> **What is being asked**: Write every line below out again exactly, images omitted.

(Items from a data source)
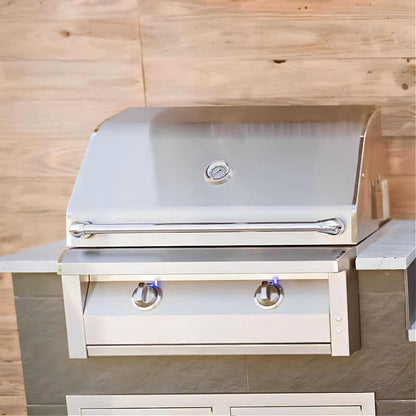 American Renaissance Grill 30 Inch 2 Burner Built-In Gas Grill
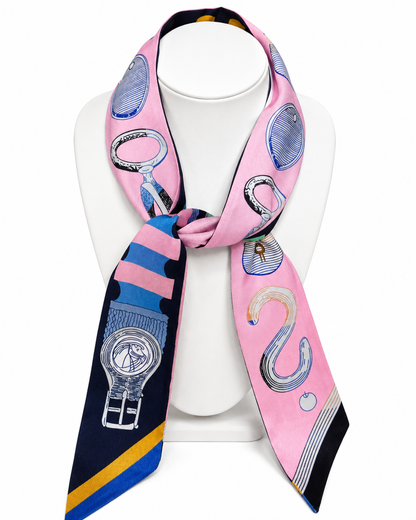Pink Equestrian Twilly Scarf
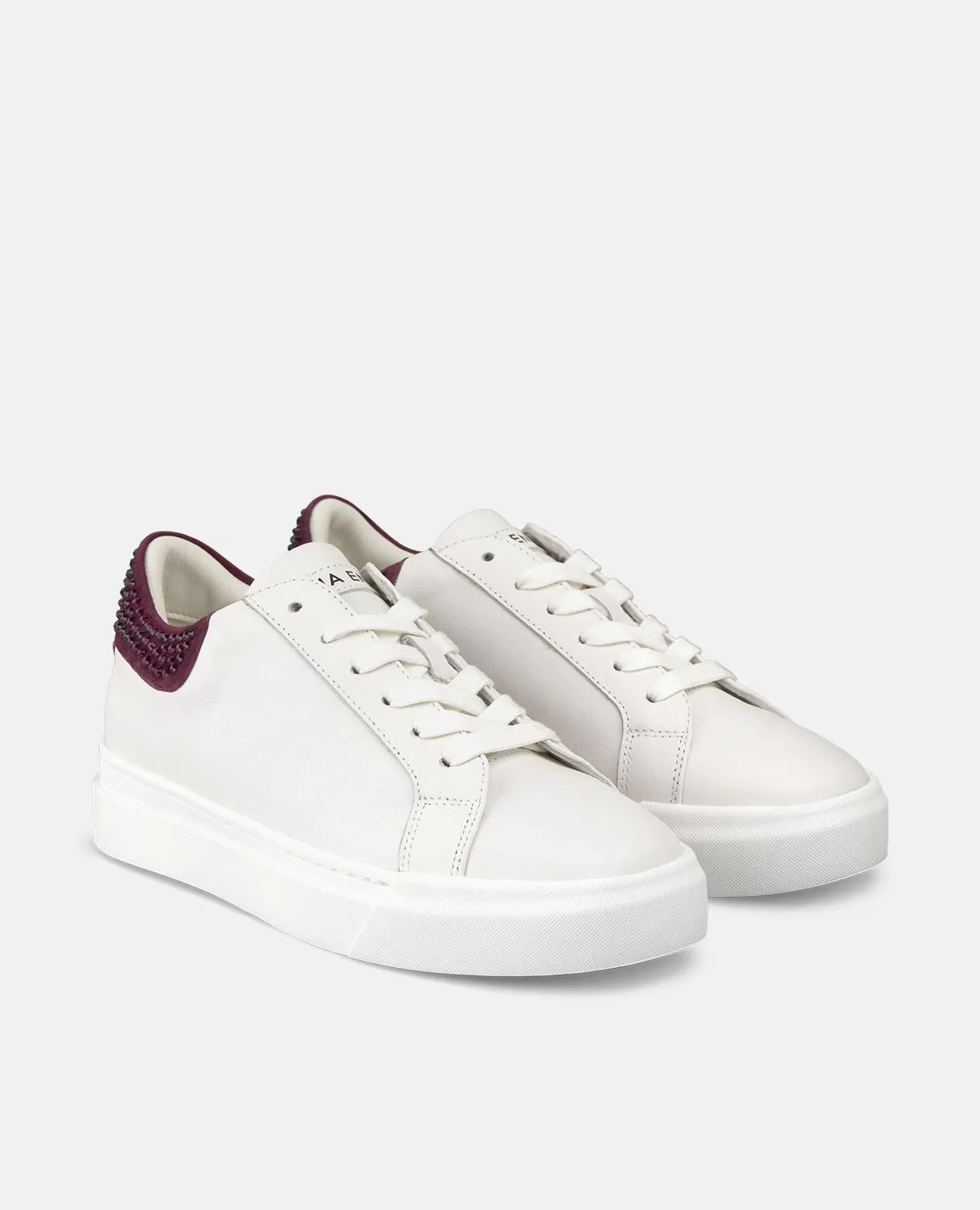 Alma en Pena I251553 sneakers bordeaux cuir strass lacets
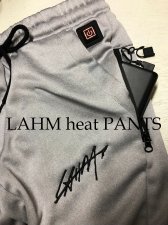 【最終入荷です！】LAHM heat PANTS / USBモバイルバッテリー電熱式ジョガーパンツ 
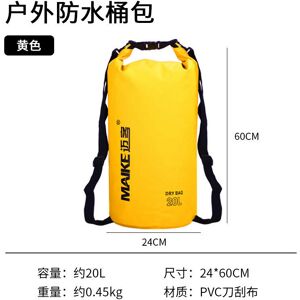 Unbranded (20L yellow (IPX heavy rain level) shoulders, Default) Outdoor Waterproof Border Unbranded (20L yellow (IPX heavy rain level) shoulders, Default) Outdoor Waterproof Border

> **Written solution**:
 American Renaissance Grill 30 Inch 2 Burner Built-In Gas Grill
Pink Equestrian Twilly Scarf
 Alma en Pena I251553 sneakers bordeaux cuir strass lacets
 【最終入荷です！】LAHM heat PANTS / USBモバイルバッテリー電熱式ジョガーパンツ 
 Unbranded (20L yellow (IPX heavy rain level) shoulders, Default) Outdoor Waterproof Border Unbranded (20L yellow (IPX heavy rain level) shoulders, Default) Outdoor Waterproof Border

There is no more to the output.